**Problem**
Return only the lines running from the one that contains "Property Photo: 2221 N Valley St CA 91505" through the end of the entries, exactly, both ends included. Omit pictures.

[Short descriptive text snippets]

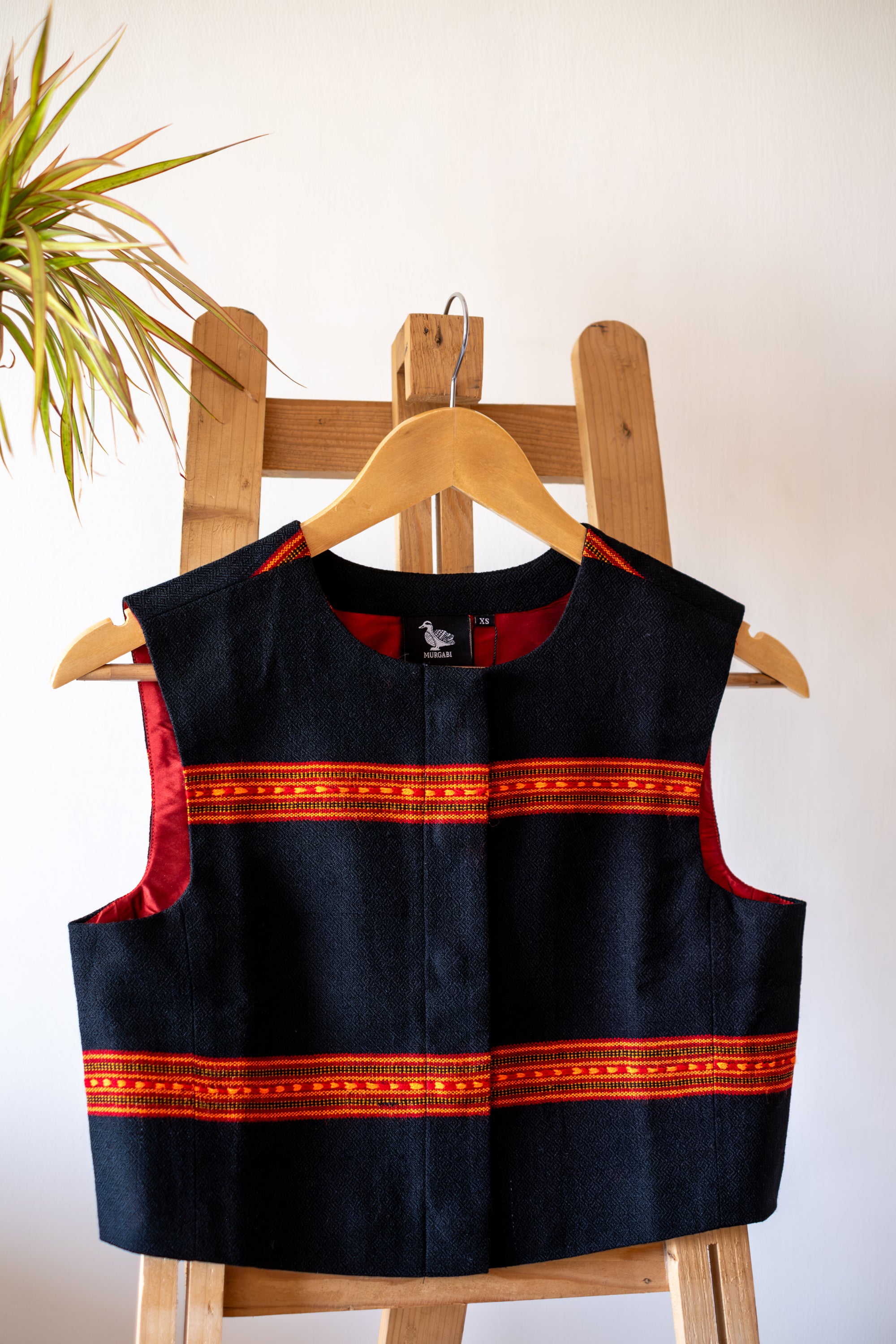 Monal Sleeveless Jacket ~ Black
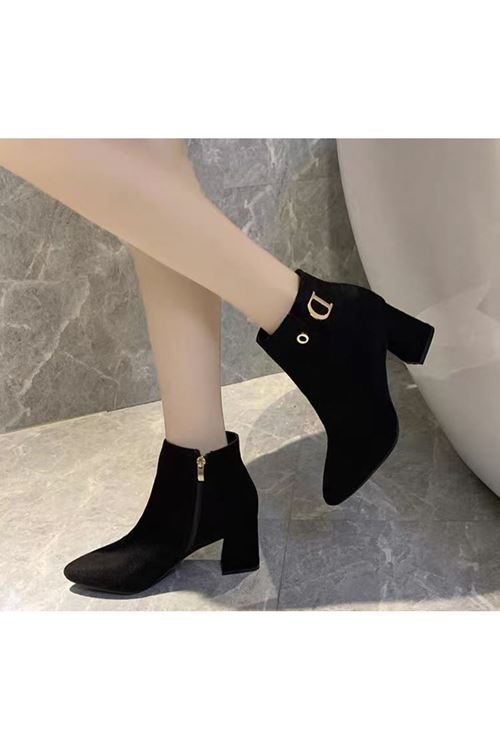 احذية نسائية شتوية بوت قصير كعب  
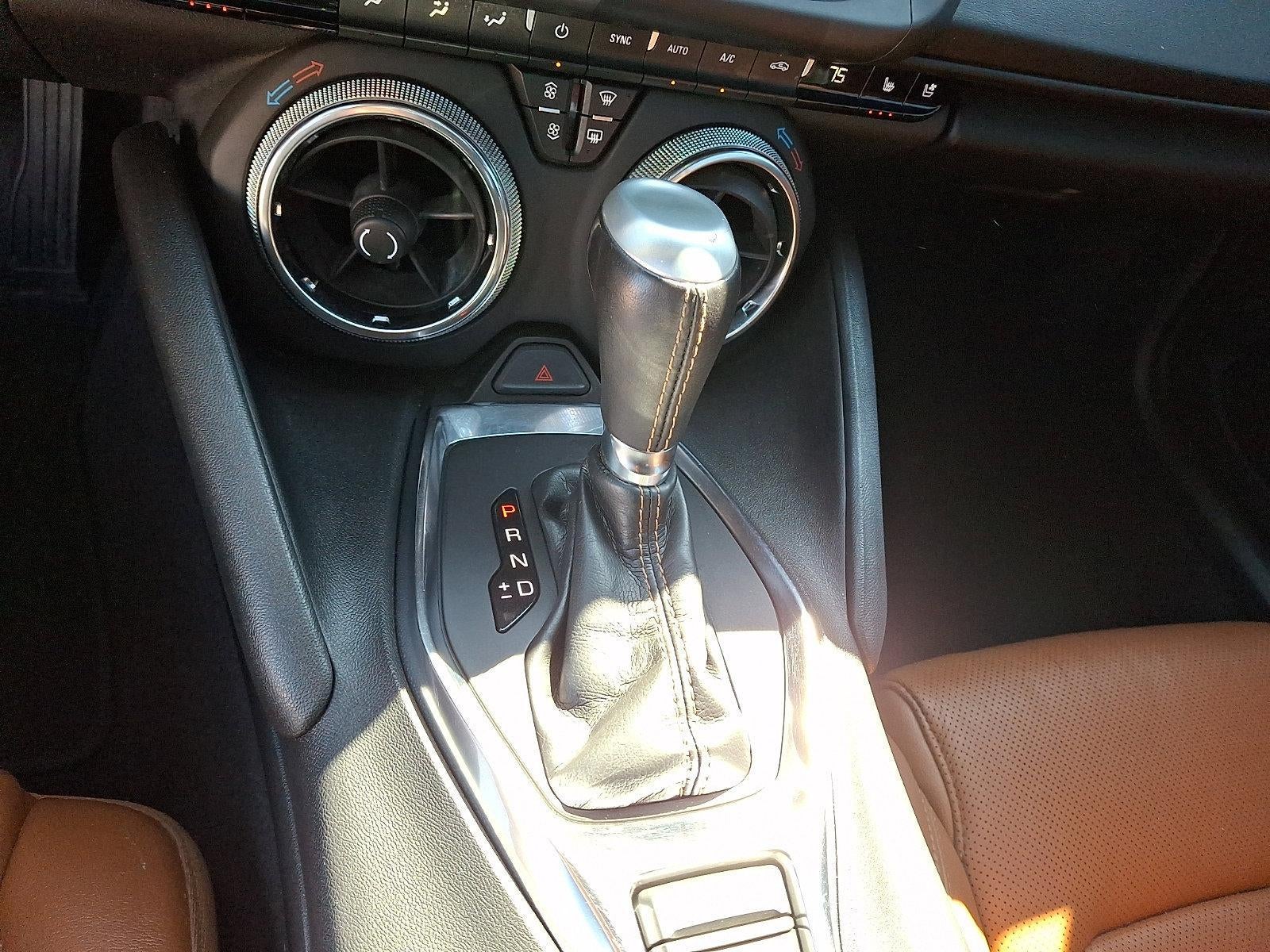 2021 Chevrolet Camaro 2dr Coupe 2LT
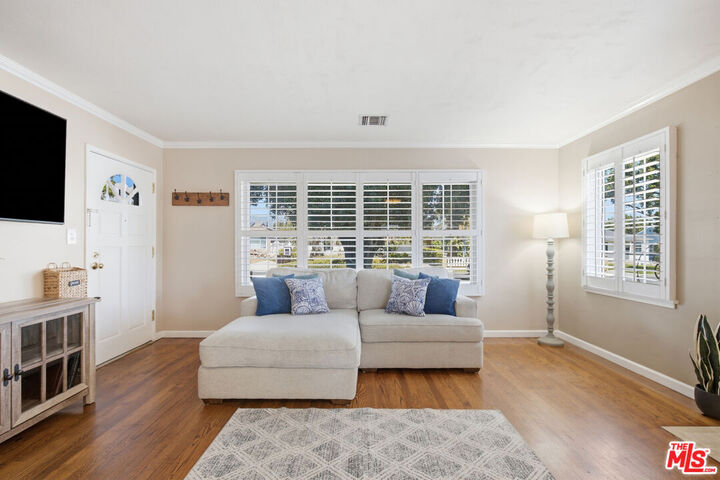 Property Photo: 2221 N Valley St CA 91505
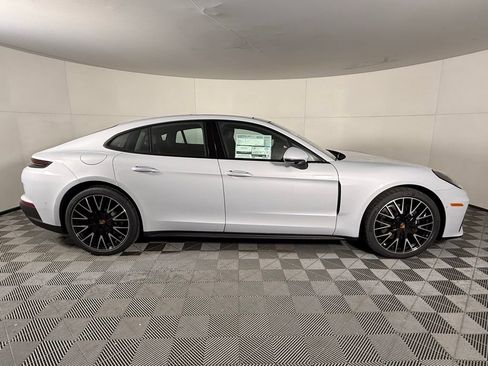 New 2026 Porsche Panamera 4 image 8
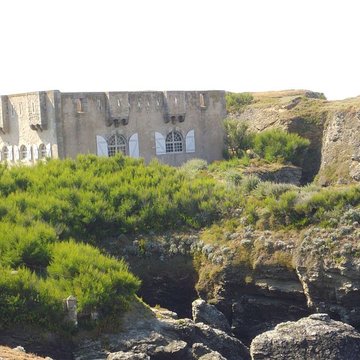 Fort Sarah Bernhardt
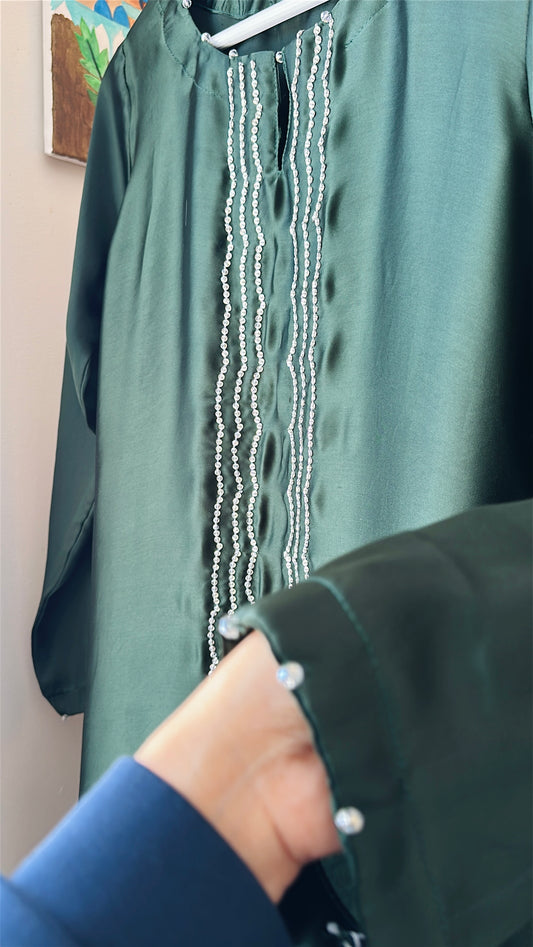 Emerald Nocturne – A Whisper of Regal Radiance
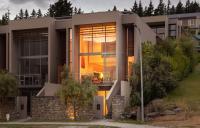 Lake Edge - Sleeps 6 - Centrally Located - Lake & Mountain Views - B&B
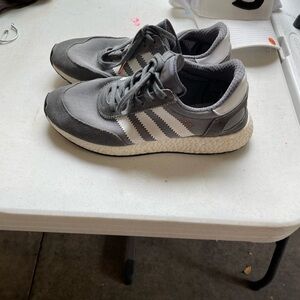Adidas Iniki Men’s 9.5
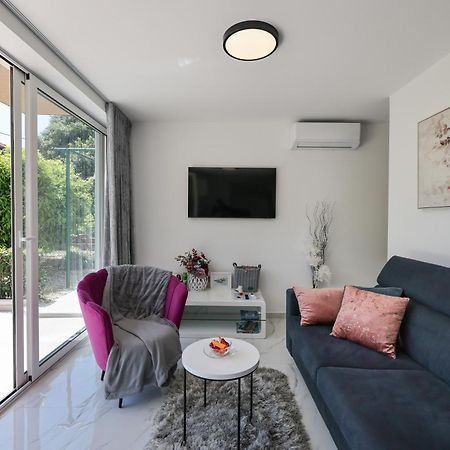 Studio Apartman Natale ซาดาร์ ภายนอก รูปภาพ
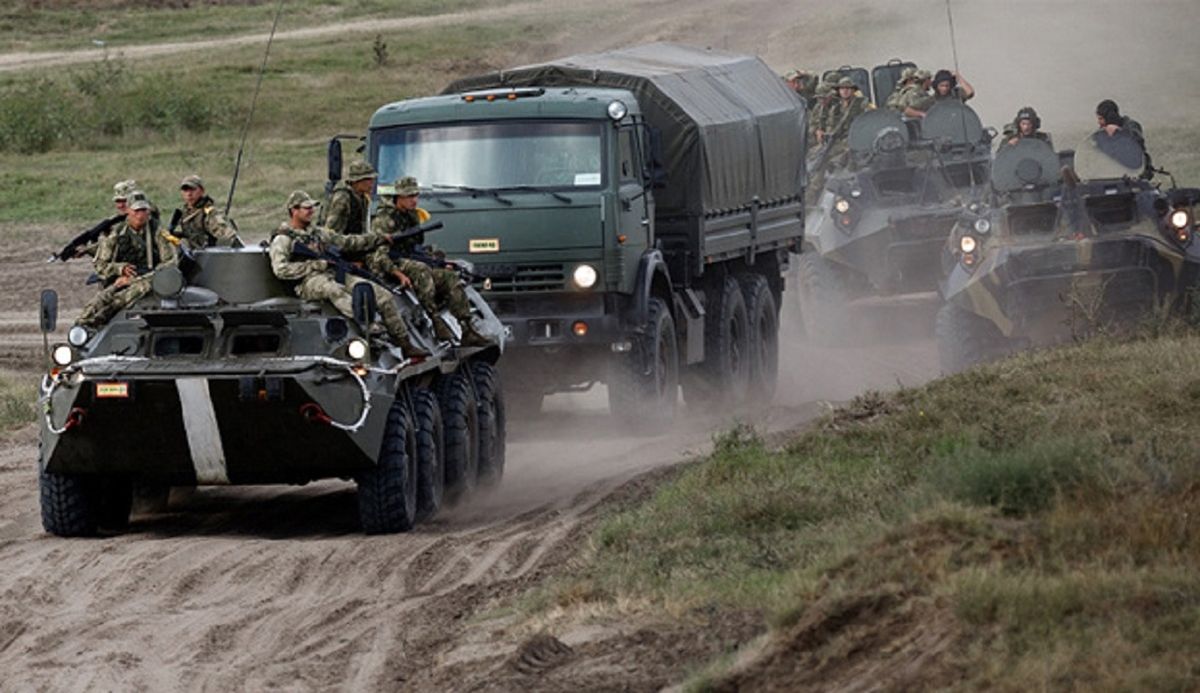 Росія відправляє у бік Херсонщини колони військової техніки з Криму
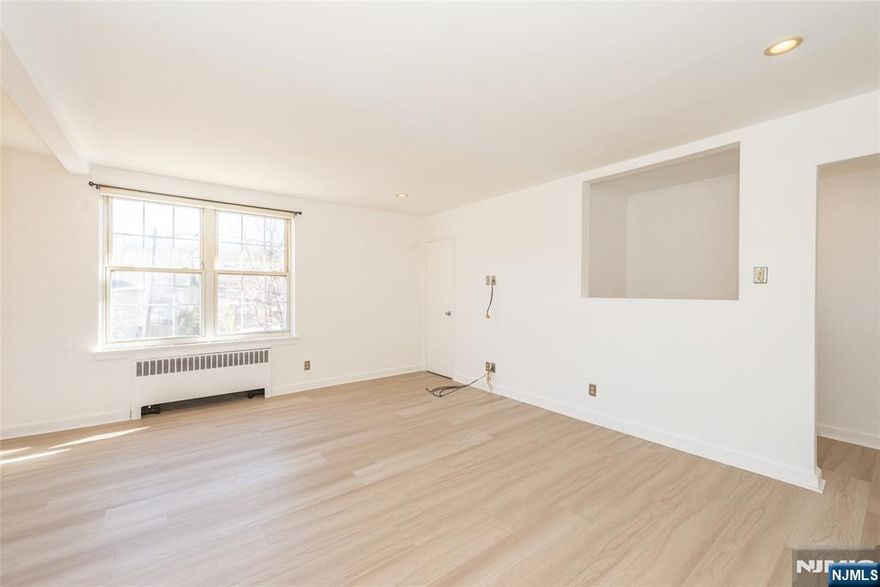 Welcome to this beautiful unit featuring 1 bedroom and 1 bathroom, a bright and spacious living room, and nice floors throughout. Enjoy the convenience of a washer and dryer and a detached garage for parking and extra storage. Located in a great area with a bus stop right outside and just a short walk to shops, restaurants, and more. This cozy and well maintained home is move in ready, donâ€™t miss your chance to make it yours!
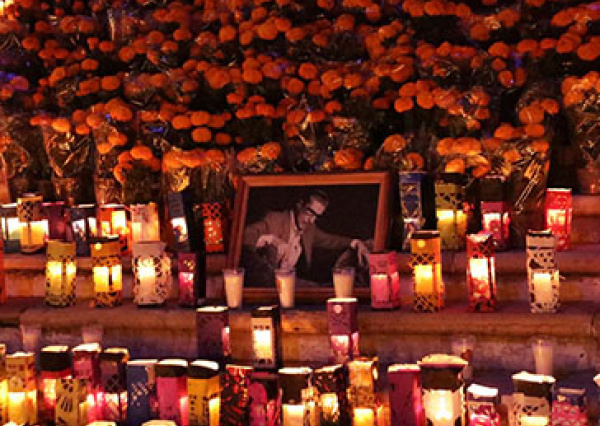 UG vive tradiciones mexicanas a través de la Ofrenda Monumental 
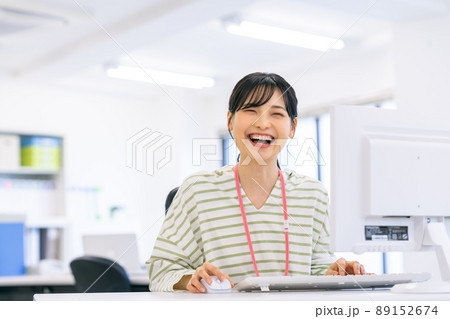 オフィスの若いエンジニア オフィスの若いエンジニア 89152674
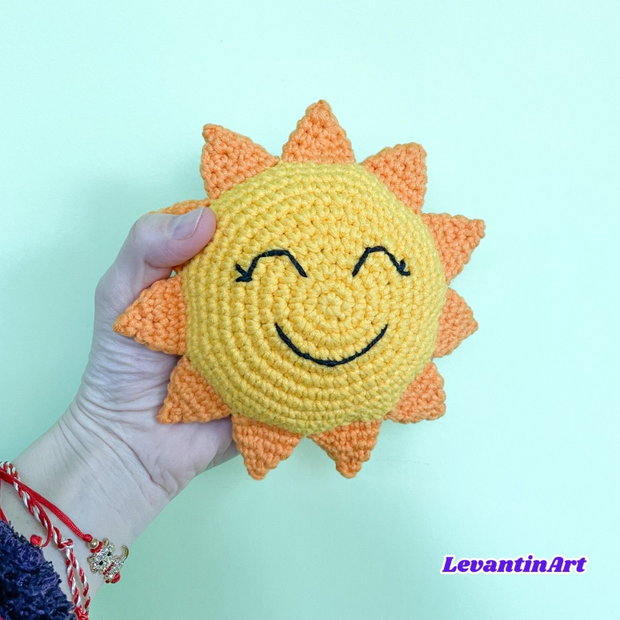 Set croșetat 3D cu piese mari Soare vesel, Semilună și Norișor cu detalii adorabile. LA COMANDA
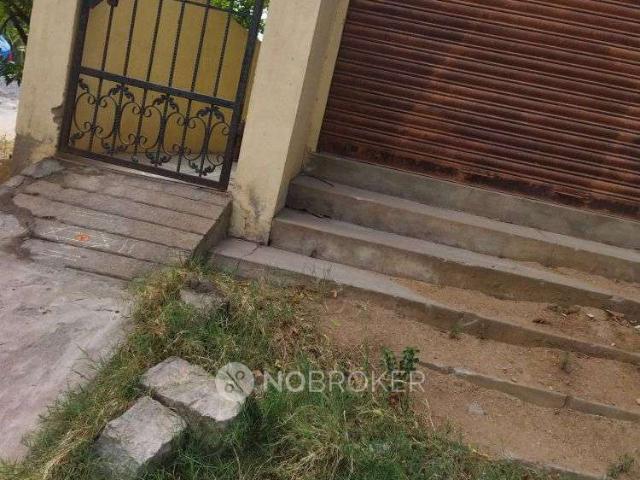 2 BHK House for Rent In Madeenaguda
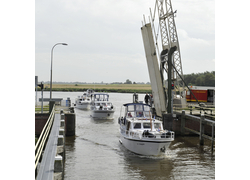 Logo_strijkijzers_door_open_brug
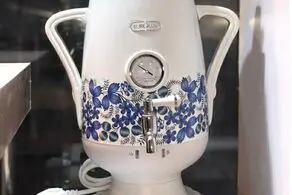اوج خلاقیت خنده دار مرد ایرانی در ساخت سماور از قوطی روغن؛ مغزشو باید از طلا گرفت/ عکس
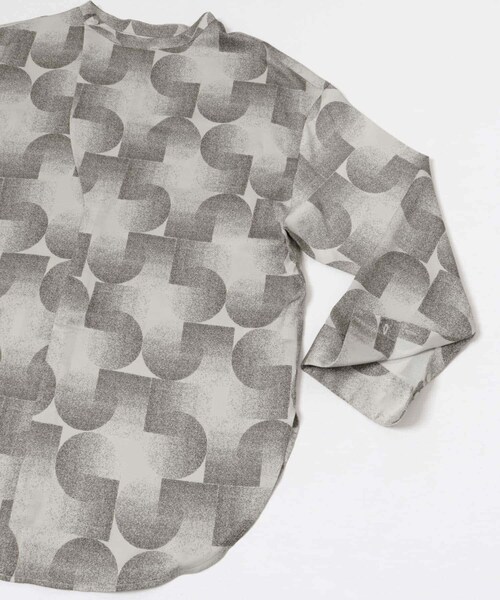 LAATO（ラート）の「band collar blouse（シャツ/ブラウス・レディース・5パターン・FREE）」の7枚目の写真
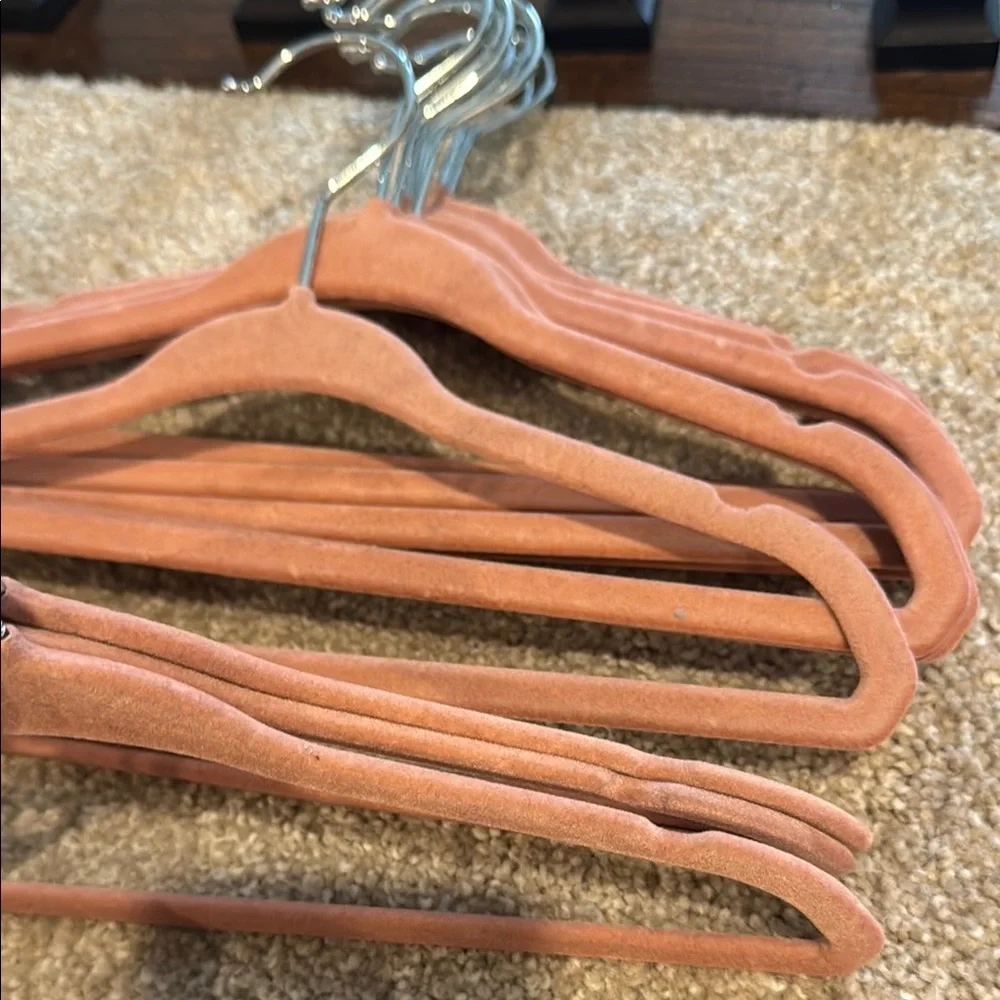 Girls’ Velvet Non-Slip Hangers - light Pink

**Answer section**
 Property Photo: 2221 N Valley St CA 91505
 New 2026 Porsche Panamera 4 image 8
 Fort Sarah Bernhardt
 Emerald Nocturne – A Whisper of Regal Radiance
 Lake Edge - Sleeps 6 - Centrally Located - Lake & Mountain Views - B&B
Adidas Iniki Men’s 9.5
 Studio Apartman Natale ซาดาร์ ภายนอก รูปภาพ
 Росія відправляє у бік Херсонщини колони військової техніки з Криму
 Welcome to this beautiful unit featuring 1 bedroom and 1 bathroom, a bright and spacious living room, and nice floors throughout. Enjoy the convenience of a washer and dryer and a detached garage for parking and extra storage. Located in a great area with a bus stop right outside and just a short walk to shops, restaurants, and more. This cozy and well maintained home is move in ready, donâ€™t miss your chance to make it yours!
 UG vive tradiciones mexicanas a través de la Ofrenda Monumental 
 オフィスの若いエンジニア オフィスの若いエンジニア 89152674
 Set croșetat 3D cu piese mari Soare vesel, Semilună și Norișor cu detalii adorabile. LA COMANDA
 2 BHK House for Rent In Madeenaguda
 Logo_strijkijzers_door_open_brug
اوج خلاقیت خنده دار مرد ایرانی در ساخت سماور از قوطی روغن؛ مغزشو باید از طلا گرفت/ عکس
 LAATO（ラート）の「band collar blouse（シャツ/ブラウス・レディース・5パターン・FREE）」の7枚目の写真
 Girls’ Velvet Non-Slip Hangers - light Pink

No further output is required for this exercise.